Most people picture an idyllic Christmas morning scene: sipping eggnog around the decorated tree while opening gifts. Not to be too bah humbug about it, but what if you get sick from that eggnog? Or what if the tree ignites? To help you dodge these and other hazards of the season, we've compiled some helpful tips.
Christmas tree fire
How often does it happen? Christmas trees account for about 200 fires annually, resulting in six deaths, 25 injuries and more than $6 million in property damage, according to the U.S. Fire Administration.
Prevention: Make a fresh cut to remove at least half an inch of wood from the base of the trunk, and place the tree in water. Keep it away from heat sources, do not leave lights on unattended, and discard the tree promptly after the holidays when it has become dry and easier to ignite.
How often does it happen? According to the National Highway Traffic Safety Administration, 38 percent of all traffic fatalities during the 2007 Christmas period and 41 percent during the 2007-08 New Year's Day period involved a drunken driver (compared with 32 percent during the rest of the year). This year could be especially risky because Christmas and New Year's Day fall on Fridays, and drunken-driving fatalities typically rise on weekends.

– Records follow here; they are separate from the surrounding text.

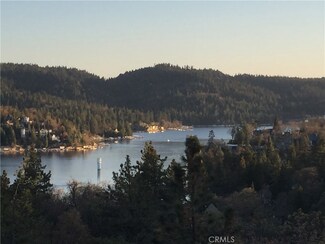 1239 Yosemite Dr, Lake Arrowhead, CA 92352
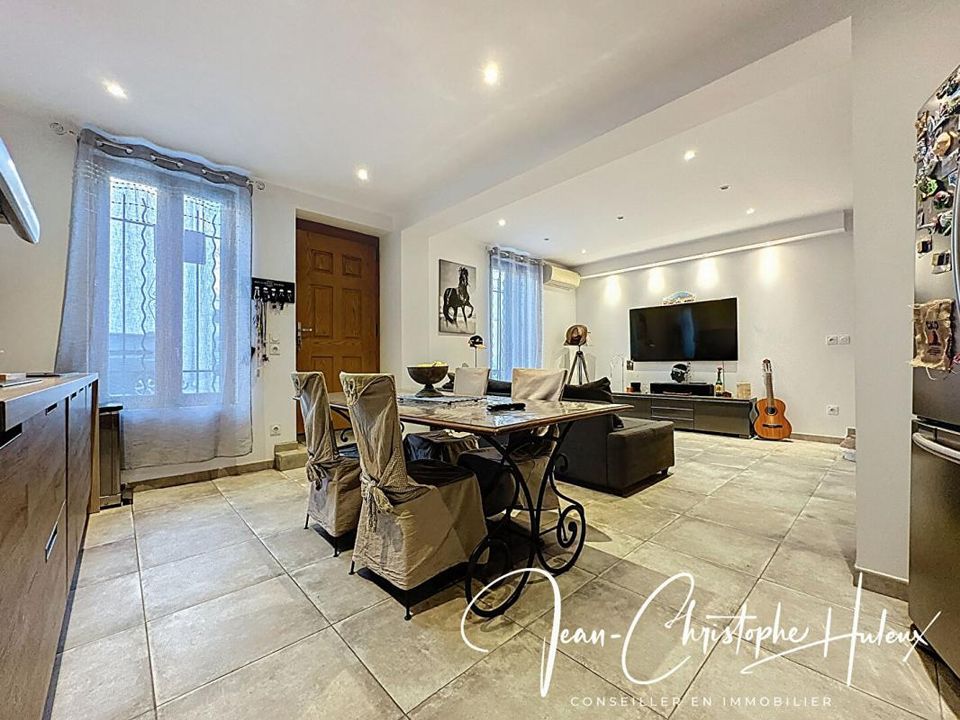 Villa i Saint-Gilles, Gard - foto 4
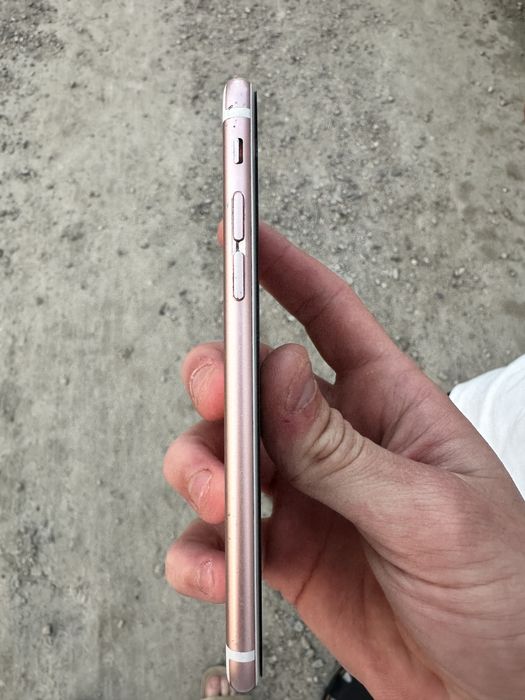 Айфон 6s  торг есть минусов нет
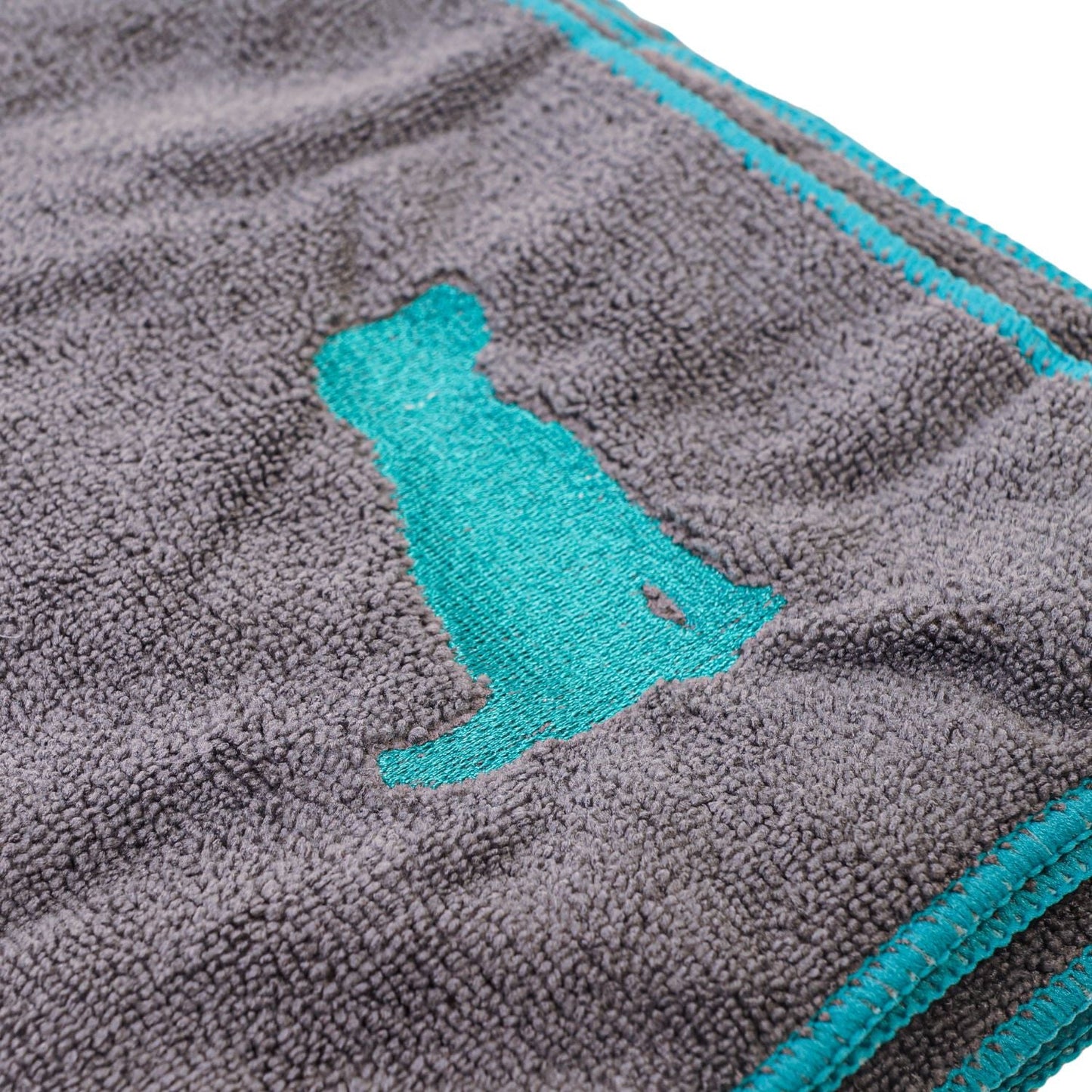 Quick-Drying Microfiber Dog Bath Towel with Stylish Embroidered Dog Silhouette Design for Fast, Efficient Drying and Extra Comfort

Prevention: If you're going to drink, don't drive. Plan ahead to have a designated driver, call a cab or ride public transit. If you do over-imbibe, sleep it off on your host's sofa
Holiday plant poisoning
How often does it happen? In 2008, American poison control centers received 426 calls regarding exposure to American and English holly, 132 calls about mistletoe and 1,174 for poinsettias. None of these cases resulted in death, but effects of ingestion can include vomiting, nausea and diarrhea.
Prevention: Keep these plants out of reach of children and pets. Call the National Poison Control Center toll-free at 1-800-222-1222 if you suspect ingestion.
How often does it happen? Hard plastic "clamshell" casings, plastic bindings and wire ties send many revelers reaching for box cutters or knives on Christmas morning. About 6,000 Americans end up in the emergency room each year because of packaging-related injuries, according to the Consumer Product Safety Commission.
Prevention: If you find yourself confronted with an apparently impenetrable wrapper, take a deep breath. Then remember these tips from the Pennsylvania Medical Society: Avoid opening difficult packages in a crowded area, do not use your legs to keep the product stable and use blunt-tipped scissors.
How often does it happen? There are no specific eggnog-related data, but the CDC estimates that one in 50 consumers could be exposed to a contaminated egg each year. If that egg is thoroughly cooked, the salmonella bacteria organisms will be destroyed and will not make the person sick.
Prevention: No, a dash of rum does not kill the bacteria in eggnog. Heat the egg-milk mixture gently until it reaches 160 degrees, says the U.S. Department of Agriculture. (Or just buy pasteurized eggnog from the grocery store.) And if you don't trust yourself not to eat raw cookie dough, modify the recipe by using an egg substitute.